Earthquakes occurring in oblique tectonic settings often partition between several faults that accommodate different components of the total motion. The 2002 Mw 7.9 Denali strike-slip earthquake, which azimuth varies by more than 50° over the 341 km total rupture length, offers a unique opportunity to look at partitioning in details, thanks to a large seismological dataset. Using a kinematic model that incorporates the obliquity of the plate-motion direction relative to the local fault azimuth, we show that the co-seismic deformation is consistent with the general northwestward displacement of the Wrangell block relative to stable North America. Hence we quantify the efficiency of the Denali fault to accommodate such oblique far field tectonic conditions by defining a coefficient of accommodation Ca, and we evaluate how much remains to be accommodated by distributed deformation off the strike-slip fault.

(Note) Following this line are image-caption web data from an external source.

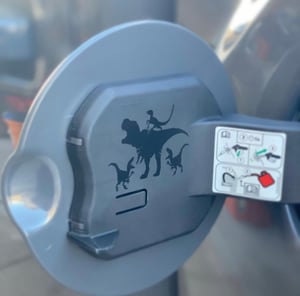 Image of Gas Lid Easter Egg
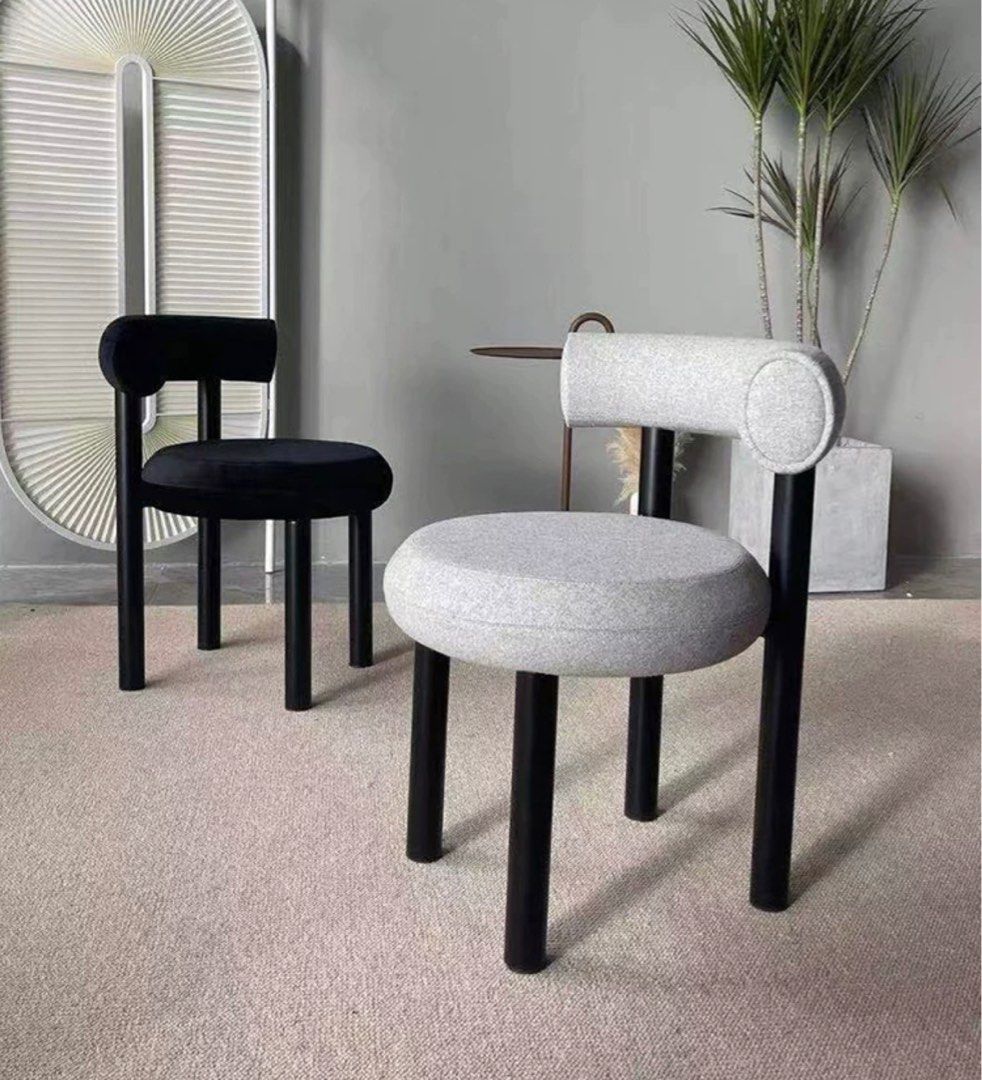 AMBER Modern Velvet Dining Chair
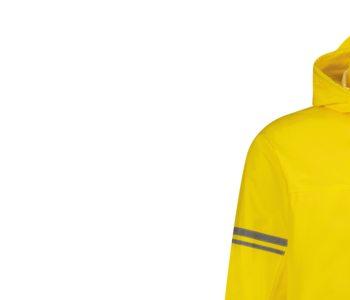 Agu original rain jacket essential yellow l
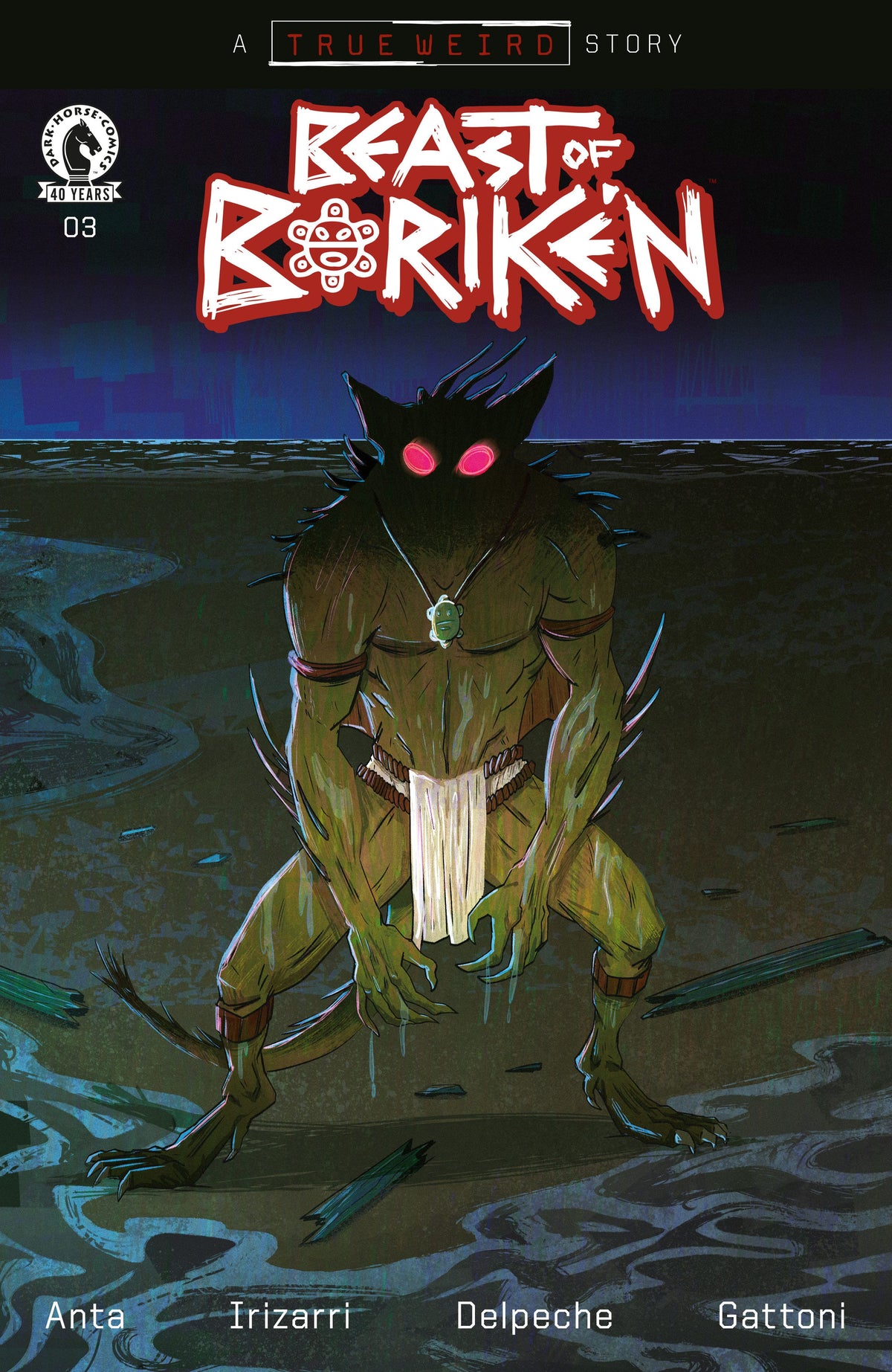 The Beast of Boriken #3 (CVR B) (Pablo Leon) (Release Date: 09/16/2026)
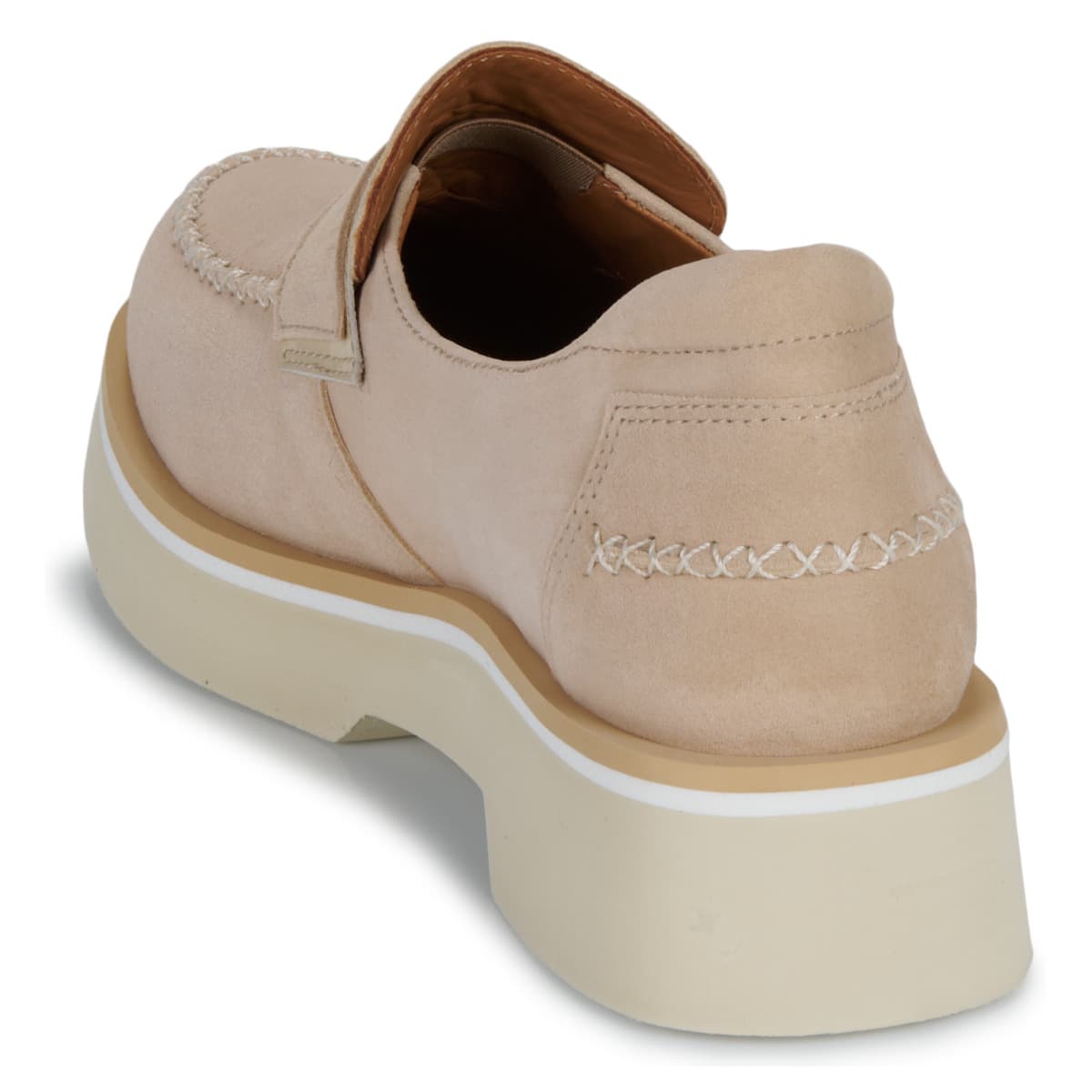 Women's Loafers Casta Beige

We represent the distributed deformation using strain rosette for a catalog of 735 focal mechanisms between 1987 and 2011. We show that in oblique settings, such as in the Denali case, the aftershocks and the background seismicity are organized to accommodate the deformation that is not localized on the Denali strike-slip fault during the main earthquakes. Actually the westward increase of the obliquity increases the amount of such deformation accommodated through distributed thrust faults, leading to the westward widening of the Alaska Range.

In addition we use a simple 2D boundary element elastic model to investigate the difference between geodetic data, showing a rotation of the block south of the fault, and our oblique boundary conditions. We show that it is possible to reproduce the rotation of such block while it is subjected to a northwestward oblique displacement applied on the curved Denali fault system.